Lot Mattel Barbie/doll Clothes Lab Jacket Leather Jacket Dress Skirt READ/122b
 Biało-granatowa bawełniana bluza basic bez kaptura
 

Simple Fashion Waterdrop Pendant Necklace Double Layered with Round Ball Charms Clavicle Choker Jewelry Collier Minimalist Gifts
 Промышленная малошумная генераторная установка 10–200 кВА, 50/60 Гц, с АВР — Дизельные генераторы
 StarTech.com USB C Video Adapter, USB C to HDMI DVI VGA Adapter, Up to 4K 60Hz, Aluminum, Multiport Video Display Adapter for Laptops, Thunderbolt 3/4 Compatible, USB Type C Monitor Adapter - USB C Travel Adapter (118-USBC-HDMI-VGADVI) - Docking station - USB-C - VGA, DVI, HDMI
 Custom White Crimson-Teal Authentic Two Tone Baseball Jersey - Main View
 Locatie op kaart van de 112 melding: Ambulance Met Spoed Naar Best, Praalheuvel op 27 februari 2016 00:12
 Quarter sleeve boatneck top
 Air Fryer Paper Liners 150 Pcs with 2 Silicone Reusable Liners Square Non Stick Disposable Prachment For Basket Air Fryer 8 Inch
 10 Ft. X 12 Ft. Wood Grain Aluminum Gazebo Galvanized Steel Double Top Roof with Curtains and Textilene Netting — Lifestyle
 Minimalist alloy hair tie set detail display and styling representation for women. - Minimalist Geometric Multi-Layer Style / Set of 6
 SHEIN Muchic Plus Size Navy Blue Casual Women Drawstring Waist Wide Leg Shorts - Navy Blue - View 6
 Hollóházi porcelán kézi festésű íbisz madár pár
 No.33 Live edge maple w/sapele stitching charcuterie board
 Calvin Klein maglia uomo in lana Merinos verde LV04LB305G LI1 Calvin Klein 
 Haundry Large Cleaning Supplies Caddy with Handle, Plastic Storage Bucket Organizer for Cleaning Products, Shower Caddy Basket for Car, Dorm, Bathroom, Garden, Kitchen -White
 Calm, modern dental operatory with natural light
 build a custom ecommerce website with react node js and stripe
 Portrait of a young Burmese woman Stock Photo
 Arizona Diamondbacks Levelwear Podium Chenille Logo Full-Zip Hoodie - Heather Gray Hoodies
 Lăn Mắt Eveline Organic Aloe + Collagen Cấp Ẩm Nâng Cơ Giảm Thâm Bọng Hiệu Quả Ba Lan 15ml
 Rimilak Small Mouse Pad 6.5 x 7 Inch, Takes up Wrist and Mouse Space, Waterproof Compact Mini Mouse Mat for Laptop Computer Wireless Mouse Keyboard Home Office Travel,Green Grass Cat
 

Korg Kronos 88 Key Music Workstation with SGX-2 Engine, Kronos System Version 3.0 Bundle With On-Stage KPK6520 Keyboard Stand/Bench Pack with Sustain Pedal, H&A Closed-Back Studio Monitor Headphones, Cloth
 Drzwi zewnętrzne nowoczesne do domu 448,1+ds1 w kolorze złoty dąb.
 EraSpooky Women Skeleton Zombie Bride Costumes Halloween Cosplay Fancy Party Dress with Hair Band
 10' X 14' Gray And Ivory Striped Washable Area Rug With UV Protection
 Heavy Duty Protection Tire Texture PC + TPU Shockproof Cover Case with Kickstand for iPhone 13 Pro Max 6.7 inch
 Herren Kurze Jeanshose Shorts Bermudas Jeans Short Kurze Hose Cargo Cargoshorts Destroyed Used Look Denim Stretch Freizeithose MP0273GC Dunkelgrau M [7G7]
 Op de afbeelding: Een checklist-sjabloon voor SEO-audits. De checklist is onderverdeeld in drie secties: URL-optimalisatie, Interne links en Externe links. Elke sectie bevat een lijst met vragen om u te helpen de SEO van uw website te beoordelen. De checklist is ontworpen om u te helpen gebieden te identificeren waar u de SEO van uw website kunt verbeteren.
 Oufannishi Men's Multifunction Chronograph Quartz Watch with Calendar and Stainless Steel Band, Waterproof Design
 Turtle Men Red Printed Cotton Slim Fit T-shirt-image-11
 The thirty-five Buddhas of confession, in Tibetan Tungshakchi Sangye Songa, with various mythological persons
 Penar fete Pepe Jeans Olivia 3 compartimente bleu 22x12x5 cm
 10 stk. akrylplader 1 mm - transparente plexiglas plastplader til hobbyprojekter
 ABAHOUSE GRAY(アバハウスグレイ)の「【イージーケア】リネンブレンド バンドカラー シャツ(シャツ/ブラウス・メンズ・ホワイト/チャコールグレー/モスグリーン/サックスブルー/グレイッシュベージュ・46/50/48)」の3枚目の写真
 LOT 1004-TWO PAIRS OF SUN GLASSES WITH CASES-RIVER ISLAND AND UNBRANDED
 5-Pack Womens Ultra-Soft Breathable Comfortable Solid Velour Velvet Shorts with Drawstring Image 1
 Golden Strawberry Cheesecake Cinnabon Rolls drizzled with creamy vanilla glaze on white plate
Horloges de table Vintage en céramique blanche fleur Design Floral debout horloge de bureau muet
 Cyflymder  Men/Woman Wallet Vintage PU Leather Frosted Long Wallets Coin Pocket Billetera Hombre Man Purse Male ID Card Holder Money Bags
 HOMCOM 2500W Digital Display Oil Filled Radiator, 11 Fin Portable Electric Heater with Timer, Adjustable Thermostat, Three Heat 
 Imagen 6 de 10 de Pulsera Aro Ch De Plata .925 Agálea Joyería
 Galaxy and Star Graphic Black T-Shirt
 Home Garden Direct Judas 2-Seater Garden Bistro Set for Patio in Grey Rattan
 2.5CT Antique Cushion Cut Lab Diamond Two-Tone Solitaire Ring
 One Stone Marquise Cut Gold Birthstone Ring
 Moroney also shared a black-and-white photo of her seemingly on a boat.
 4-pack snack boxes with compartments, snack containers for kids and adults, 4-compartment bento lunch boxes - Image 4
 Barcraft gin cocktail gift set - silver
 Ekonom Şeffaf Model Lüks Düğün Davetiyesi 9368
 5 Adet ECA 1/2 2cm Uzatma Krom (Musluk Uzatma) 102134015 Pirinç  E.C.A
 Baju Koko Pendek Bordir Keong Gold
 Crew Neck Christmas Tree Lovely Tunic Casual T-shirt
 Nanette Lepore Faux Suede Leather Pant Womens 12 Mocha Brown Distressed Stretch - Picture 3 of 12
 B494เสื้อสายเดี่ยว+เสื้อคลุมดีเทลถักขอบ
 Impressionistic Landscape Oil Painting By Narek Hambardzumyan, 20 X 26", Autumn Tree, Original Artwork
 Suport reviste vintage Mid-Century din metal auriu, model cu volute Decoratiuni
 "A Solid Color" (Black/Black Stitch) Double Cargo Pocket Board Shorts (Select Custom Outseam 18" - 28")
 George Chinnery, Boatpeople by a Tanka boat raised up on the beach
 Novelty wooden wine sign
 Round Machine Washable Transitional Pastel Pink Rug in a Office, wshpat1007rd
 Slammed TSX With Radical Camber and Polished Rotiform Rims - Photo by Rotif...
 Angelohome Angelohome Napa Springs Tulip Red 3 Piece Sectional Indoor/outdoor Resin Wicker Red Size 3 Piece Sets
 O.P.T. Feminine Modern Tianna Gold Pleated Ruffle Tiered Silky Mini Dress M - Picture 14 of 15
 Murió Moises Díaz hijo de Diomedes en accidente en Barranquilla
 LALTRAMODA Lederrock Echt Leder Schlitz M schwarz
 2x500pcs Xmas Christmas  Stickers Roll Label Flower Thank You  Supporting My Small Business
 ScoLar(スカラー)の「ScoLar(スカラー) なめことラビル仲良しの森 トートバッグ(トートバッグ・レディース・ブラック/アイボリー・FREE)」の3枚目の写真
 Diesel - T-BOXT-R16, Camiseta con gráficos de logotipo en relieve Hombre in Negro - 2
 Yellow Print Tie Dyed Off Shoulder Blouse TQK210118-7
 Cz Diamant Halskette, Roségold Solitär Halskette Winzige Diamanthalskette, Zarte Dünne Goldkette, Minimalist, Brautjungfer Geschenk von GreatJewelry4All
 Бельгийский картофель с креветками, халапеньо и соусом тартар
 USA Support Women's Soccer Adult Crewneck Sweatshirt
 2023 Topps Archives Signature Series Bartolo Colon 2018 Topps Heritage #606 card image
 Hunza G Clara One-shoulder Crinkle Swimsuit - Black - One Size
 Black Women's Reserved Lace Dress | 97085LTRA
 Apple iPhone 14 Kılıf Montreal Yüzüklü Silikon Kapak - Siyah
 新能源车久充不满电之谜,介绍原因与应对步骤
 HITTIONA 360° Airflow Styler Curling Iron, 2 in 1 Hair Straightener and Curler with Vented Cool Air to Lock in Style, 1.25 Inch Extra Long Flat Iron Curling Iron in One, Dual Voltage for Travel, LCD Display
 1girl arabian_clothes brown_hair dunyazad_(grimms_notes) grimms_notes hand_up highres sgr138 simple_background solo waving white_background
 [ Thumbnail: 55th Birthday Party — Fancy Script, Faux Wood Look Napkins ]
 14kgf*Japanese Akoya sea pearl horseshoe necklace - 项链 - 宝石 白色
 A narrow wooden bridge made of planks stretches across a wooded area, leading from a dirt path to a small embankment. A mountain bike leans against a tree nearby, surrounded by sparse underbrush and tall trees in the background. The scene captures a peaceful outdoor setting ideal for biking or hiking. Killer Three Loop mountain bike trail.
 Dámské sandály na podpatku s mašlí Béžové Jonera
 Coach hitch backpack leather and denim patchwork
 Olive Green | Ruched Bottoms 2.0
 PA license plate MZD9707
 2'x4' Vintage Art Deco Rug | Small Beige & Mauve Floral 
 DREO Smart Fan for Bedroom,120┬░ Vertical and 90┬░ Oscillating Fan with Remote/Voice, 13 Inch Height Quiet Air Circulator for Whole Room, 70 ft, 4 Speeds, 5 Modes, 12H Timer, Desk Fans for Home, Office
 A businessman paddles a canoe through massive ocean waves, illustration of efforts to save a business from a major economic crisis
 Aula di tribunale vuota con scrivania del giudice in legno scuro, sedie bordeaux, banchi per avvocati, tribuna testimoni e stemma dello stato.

About this task => Write out, unaltered, the lines from the opening of the listing through the line that includes "Промышленная малошумная генераторная".

Solution to the exercise =>
Lot Mattel Barbie/doll Clothes Lab Jacket Leather Jacket Dress Skirt READ/122b
 Biało-granatowa bawełniana bluza basic bez kaptura
 

Simple Fashion Waterdrop Pendant Necklace Double Layered with Round Ball Charms Clavicle Choker Jewelry Collier Minimalist Gifts
 Промышленная малошумная генераторная установка 10–200 кВА, 50/60 Гц, с АВР — Дизельные генераторы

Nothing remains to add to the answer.